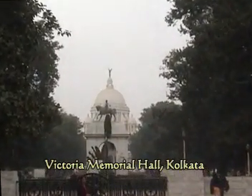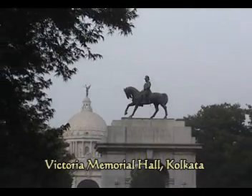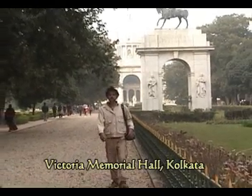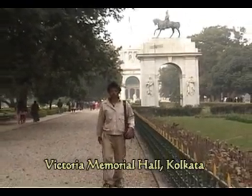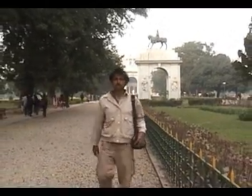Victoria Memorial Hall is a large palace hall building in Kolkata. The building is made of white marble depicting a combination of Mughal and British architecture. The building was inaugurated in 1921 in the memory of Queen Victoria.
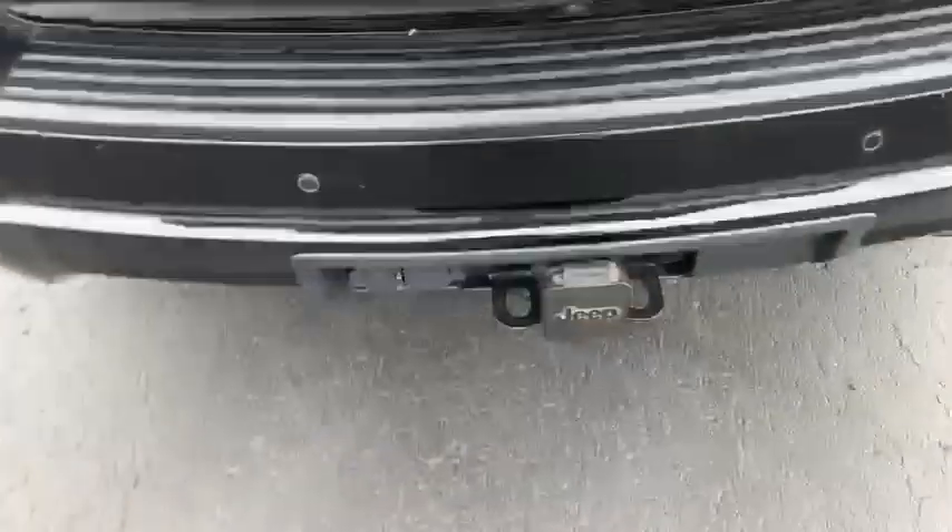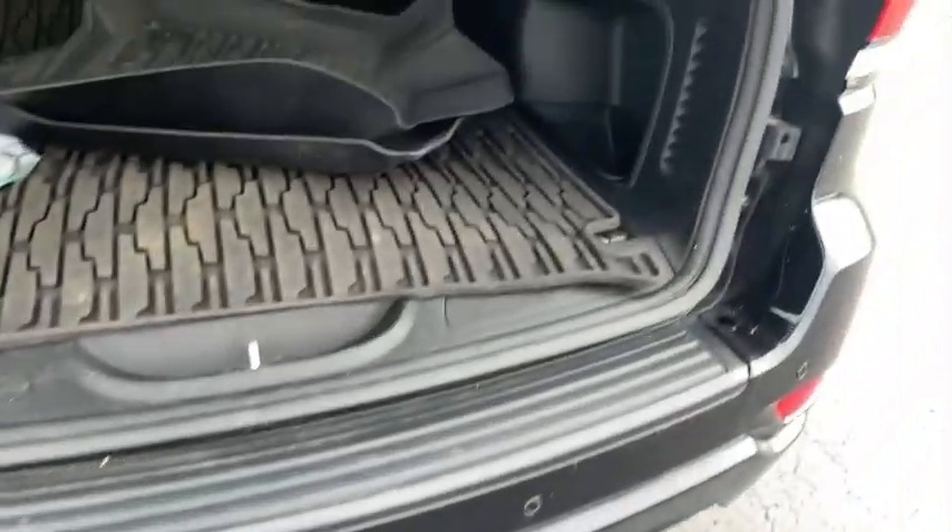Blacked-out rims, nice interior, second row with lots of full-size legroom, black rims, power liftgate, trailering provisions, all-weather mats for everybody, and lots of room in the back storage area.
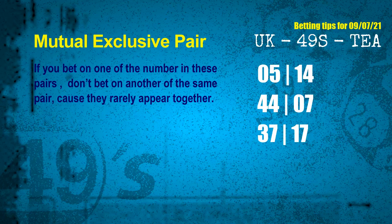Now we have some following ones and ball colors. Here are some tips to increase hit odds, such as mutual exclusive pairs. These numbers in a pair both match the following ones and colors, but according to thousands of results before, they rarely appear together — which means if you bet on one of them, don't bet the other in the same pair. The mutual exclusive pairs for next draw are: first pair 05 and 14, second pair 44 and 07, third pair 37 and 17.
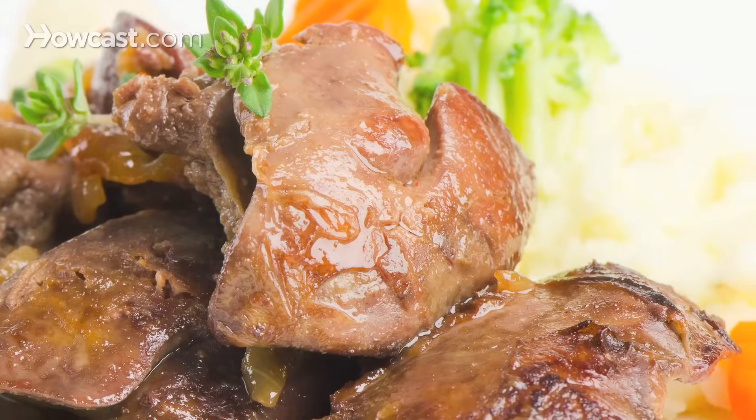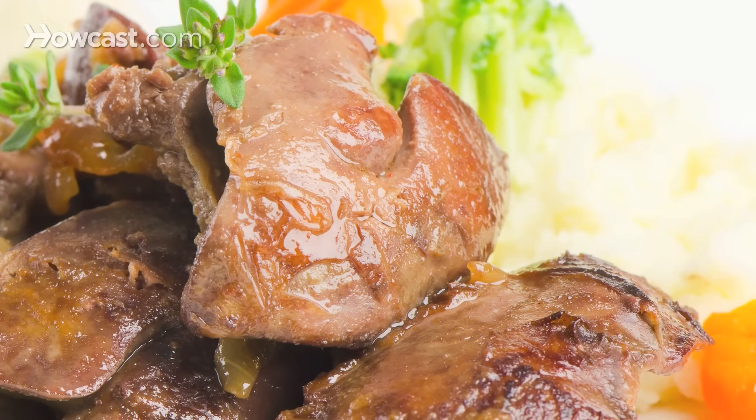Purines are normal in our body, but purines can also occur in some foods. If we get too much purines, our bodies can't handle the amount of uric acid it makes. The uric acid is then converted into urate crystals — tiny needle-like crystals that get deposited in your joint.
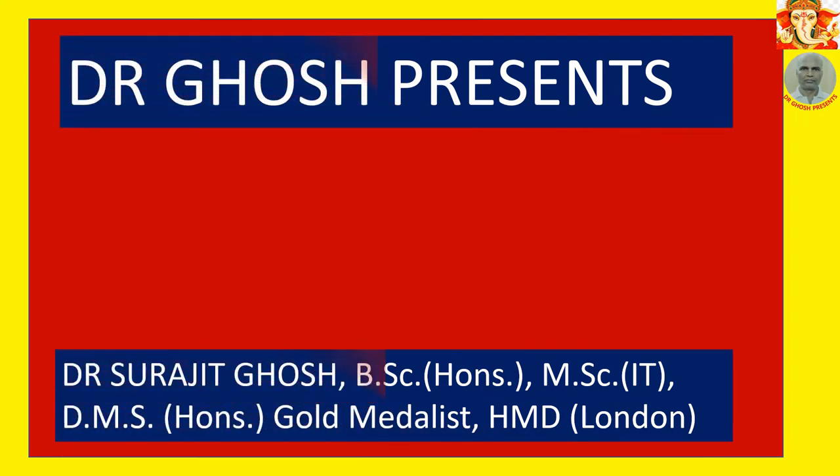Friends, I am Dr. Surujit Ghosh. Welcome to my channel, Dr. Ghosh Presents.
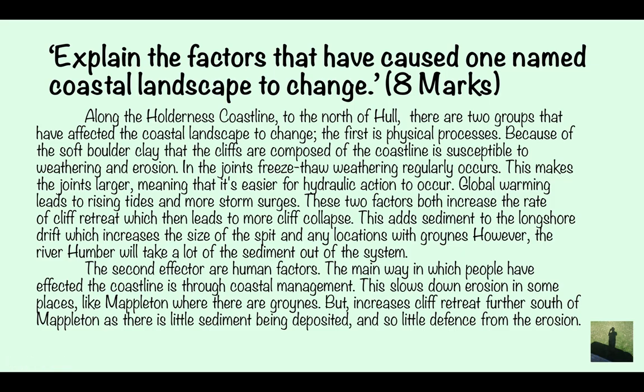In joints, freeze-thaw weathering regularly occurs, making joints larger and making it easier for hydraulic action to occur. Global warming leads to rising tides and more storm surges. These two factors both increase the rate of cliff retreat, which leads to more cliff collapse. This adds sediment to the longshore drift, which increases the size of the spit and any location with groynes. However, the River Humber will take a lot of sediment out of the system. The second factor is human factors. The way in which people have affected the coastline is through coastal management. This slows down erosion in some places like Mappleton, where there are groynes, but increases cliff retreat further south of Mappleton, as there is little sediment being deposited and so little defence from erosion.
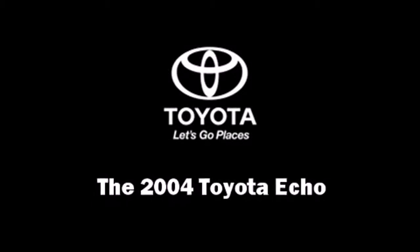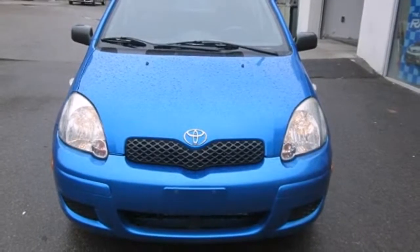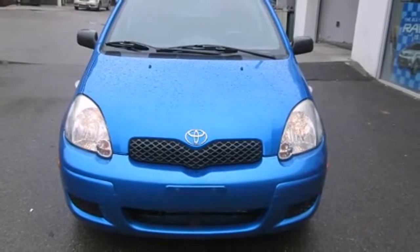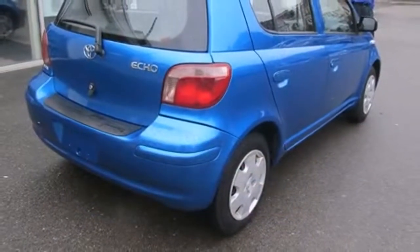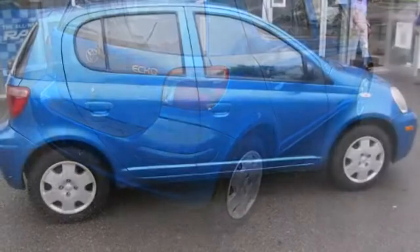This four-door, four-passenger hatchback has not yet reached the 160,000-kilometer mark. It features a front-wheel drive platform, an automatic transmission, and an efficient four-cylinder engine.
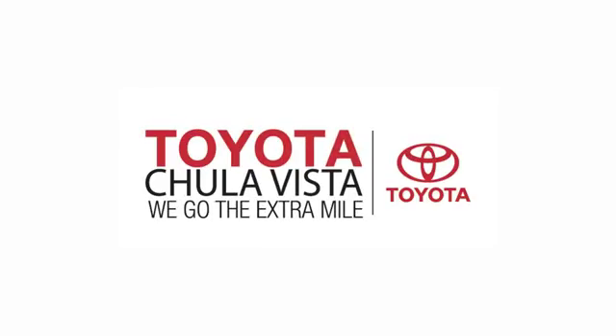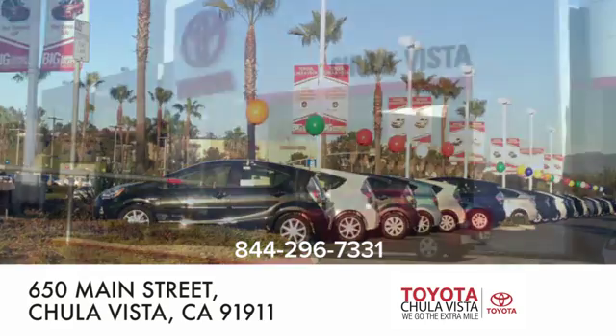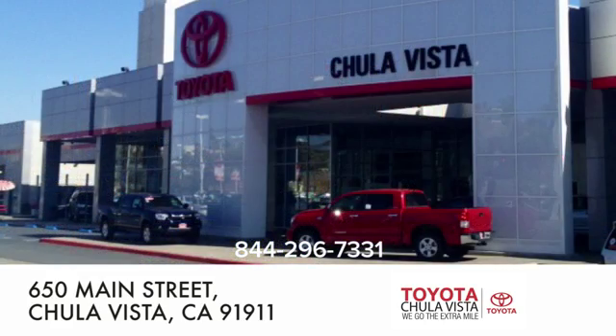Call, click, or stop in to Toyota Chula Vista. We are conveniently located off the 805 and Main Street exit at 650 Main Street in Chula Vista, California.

What is expected ▸ Beginning with the first line of the records and ending with the line that contains "Now we have", reproduce every line exactly, omitting pictures and adding nothing.

Output of the task ▸
Victoria Memorial Hall is a large palace hall building in Kolkata. The building is made of white marble depicting a combination of Mughal and British architecture. The building was inaugurated in 1921 in the memory of Queen Victoria.
Blacked-out rims, nice interior, second row with lots of full-size legroom, black rims, power liftgate, trailering provisions, all-weather mats for everybody, and lots of room in the back storage area.
Now we have some following ones and ball colors. Here are some tips to increase hit odds, such as mutual exclusive pairs. These numbers in a pair both match the following ones and colors, but according to thousands of results before, they rarely appear together — which means if you bet on one of them, don't bet the other in the same pair. The mutual exclusive pairs for next draw are: first pair 05 and 14, second pair 44 and 07, third pair 37 and 17.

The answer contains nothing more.